本当のからだの健康を思うとき、体に優しい食事を摂ることばかりが必ずしも良いことだとは私は考えていません。
より強靭な肉体( この場合は主として内臓や生体内代謝活動能力などを指します )を手に入れるためには、むしろ体に優しくない ( この場合は苦い食べ物や硬い食べ物、酸っぱい食べ物など人間が本能的に嫌う食物を指します )食物を摂ることの方が重要だと考えています。
ただし、常にストイックな食事を摂り続ける事を推奨するわけではなく、程度というものがあることは言うまでもありません。
玄米屋たいぞうが見つめ提案していることは、人の長期的な生活の質の向上といった所や、子供達のより良い未来を考える所にあります。
そして、その対象は主として子供であったり、その親であったりするのです。
ですから、高齢者の方や現在ご病気中の方などにストイックな食生活を提案しているわけではありません。
そもそも現在の高齢者の方などは若かりし頃、私が想像もつかないような貧困の中で、毎日の食事に不自由されてきたのであって、食べ物をえり好みなどせず、ありとあらゆる食物を食べながら生きてきたという事実があるのです。

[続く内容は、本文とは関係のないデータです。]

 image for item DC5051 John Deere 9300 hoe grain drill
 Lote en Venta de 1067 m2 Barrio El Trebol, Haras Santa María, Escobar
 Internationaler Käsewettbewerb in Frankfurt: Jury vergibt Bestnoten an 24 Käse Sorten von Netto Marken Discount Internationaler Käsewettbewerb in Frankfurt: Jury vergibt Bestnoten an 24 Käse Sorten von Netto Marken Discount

そのため今の高齢者の方々は、若年のときに強靭な内臓や代謝能力を作り上げ、そして高度経済成長により栄養状態が改善されてきたために長寿で健康な方が多いのではないかと私は推測しています。
若かりし頃に散々の苦労をされてきた高齢者の方々に、なおもストイックな食事を提案する、などということは私にはとても考えられません。
高齢者の方々には今こそ、思う存分好きなものを、体に優しい食べ物を食べていただきたいと思っています。
私が憂いていることは、今を生きる子供達やこれからの子供達、そして高度経済成長とその崩壊の混乱の中でアイデンティティを見出すことにさ迷っている、その親の世代の人達のあり方なのです。
肉体が完全に成長してしまってからでは改善が難しく、病気になってから手を打つのでは稚拙でしかないのです。
欲望の赴くままに生きるのではなく、いかに欲望をコントロールし生きるか、これが現代に生きる我々に必要な知恵なのではないかと私は思っています。